It’s been a tough year for U. S.-Mexico relations.
The countries are locked in tense talks to renegotiate the North American Free Trade Deal, and Mexican public opinion of the U. S. has plummeted as President Trump has repeatedly criticized Mexico and vowed to make it pay for construction of a border wall.
But those tensions were absent this week as dozens of U. S. rescuers combed parts of Mexico City that were leveled by Tuesday’s deadly earthquake. The disaster response team, made up largely of firefighters from Southern California, has swarmed the sites of several collapsed buildings, using dogs and search cameras to hunt for signs of life.
Trump ordered the deployment of U. S. aid after he spoke to Mexican President Enrique Peña Nieto by phone Wednesday, a day after the violent magnitude 7.1 temblor shook central Mexico. The earthquake brought down dozens of multistory buildings and killed at least 286 people across five states and the country’s densely packed capital.
Trump had drawn criticism earlier in the month after he waited a week to call Peña Nieto to offer condolences after Mexico was hit by another devastating earthquake, this one off its southern coast, which killed at least 98 people.
This time, the U. S. Agency for International Development sent its Disaster Assistance Response Team within hours of the earthquake, along with dozens of firefighters from the Los Angeles County Fire Department ’s Urban Search and Rescue team. The rescuers arrived with 65,000 pounds of equipment, according to U. S. Ambassador to Mexico Roberta Jacobson.
Jacobson met with the aid team Thursday at their base of operations at a sports complex near Mexico City’s airport. Firefighters rushed around, loading equipment onto large trucks to be taken to disaster sites.
No matter the politics of any given moment, “when something like this happens, we come together,” Jacobson said. « When we see tragedies in the U. S. or Mexico, the best of our people and both of our countries arises.”
With the chance of finding survivors still trapped under the rubble growing less likely every hour, the team has focused most of its efforts for now on identifying rescue sites where there still may be people buried alive. The team brought advanced listening equipment that can detect the faintest tapping sounds as well as long, flexible search cameras that allow rescuers to peer into deep crevices.
Dennis Cross, task force leader of the search and rescue team, said they had gotten a “hit” — evidence of survivors — at least two locations.
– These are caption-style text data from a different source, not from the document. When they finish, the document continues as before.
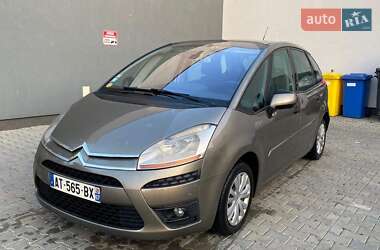 Citroen C4 Picasso  2010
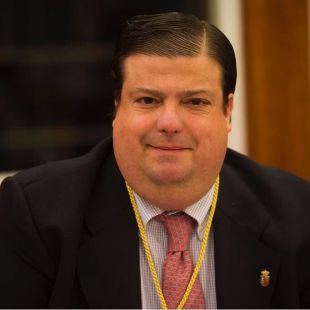 Muere a los 42 años el edil de Pozuelo Manuel Allende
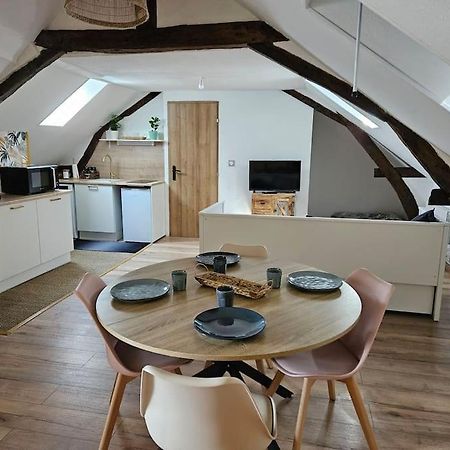 Raªve De Loire Apartment La Dagueniere Bagian luar foto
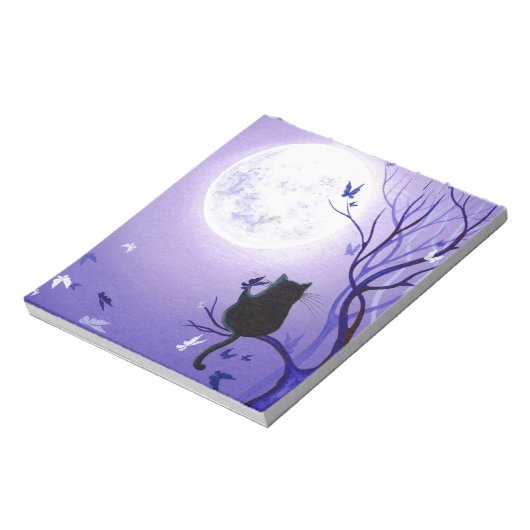 Bloc-note Tourbillon papillon (Tourné)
The team brought heavy equipment and chainsaws that can breach and break cinder block and cut through rebar and concrete, he said.
Later, the team will conduct damage assessments of structures affected by the quake. Hundreds of buildings in Mexico City’s center were damaged, according to authorities, and many were partially crumbling or had deep cracks in their walls. Several collapsed hours after the quake, trapping people inside. Some residents, fearing that aftershocks could topple more buildings, chose to sleep in the streets rather than in their homes.
In the past, the L.A. County team has responded to disasters around the world, including to earthquakes in Haiti, Japan and Nepal.
“We go anywhere,” Cross said. Politics never enter into the equation, he said.
The team from California, with several Mexican American members, has a special connection to Mexico, he said.
“Mexico is a great neighbor,” he said. “We have a unique connection.”